Insight 2005


I'm just back from "Insight 2005 - the only exhibition and conference for buyers and users of market research". If someone caught my eye and said "can I tell you a bit about our company" I'd say "sure, tell me what you know about blogging". My overall impression is this is not a widely understood term.
The conference was large but mainly to do with suppliers to the market research industry, or else quantitative companies and this year, lots and lots of "online research" companies. Can I just say, very little differentiation between them. No clear cut positioning although some very nice logos and material.
This is certainly true for "brainjuicer", "The MindReading Agency". I love their logo and I love that tagline. So I asked a researcher on the stand "what's involved in the mind reading?" Turns out it's something to do with the "patented technology" which "enables respondents to express what they think and feel about the research topics".
Everyone's looking for a way to make doing "proper" research easier. I haven't found a methodology that achieves this and probably wouldn't trust it to determine the deeper feelings people have in any case. That takes a considerable amount of time and fieldwork by experienced researchers.

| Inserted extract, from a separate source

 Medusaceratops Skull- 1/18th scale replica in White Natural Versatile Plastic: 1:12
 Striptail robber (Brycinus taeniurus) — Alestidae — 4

I never ask these companies "how can you be sure respondents are telling the truth about themselves" because I have it fixed in my head that people exaggerate all sorts of information about themselves and no researcher can convince me otherwise. Like to see them try, of course. I also wonder about online research, as it's based on respondents having decent typing and mouse skills and I'm just not buying it.
According to 'trendwatching.com', blogging is one of the ways that "Generation C" expresses themselves. C for creativity. Putting up photos, writing on a blog, or sharing music and film files is all part of this increase in creative activity. You can read more about 'Generation C' here.
The number of truly creative friends I've got who say "I just wouldn't have the time to blog" is astonishing. And kind of flattering. Does this sound like I've crafted it for ages? I'm typing away with narry a pause to crack open the thesaurus, except to look up much better words for the word "stupid".
Because that's the first word that comes to mind when describing the latest research survey that's being quoted as if it were the most trustworthy set of statistics since, well, the Lancet casualty figures. The research quoted in the Telegraph last Sunday is: unsound, laughable, meaningless, moronic, worthless, brainless, deficient and just down right ghastly. If you know ANYTHING about market research, you know I'm right.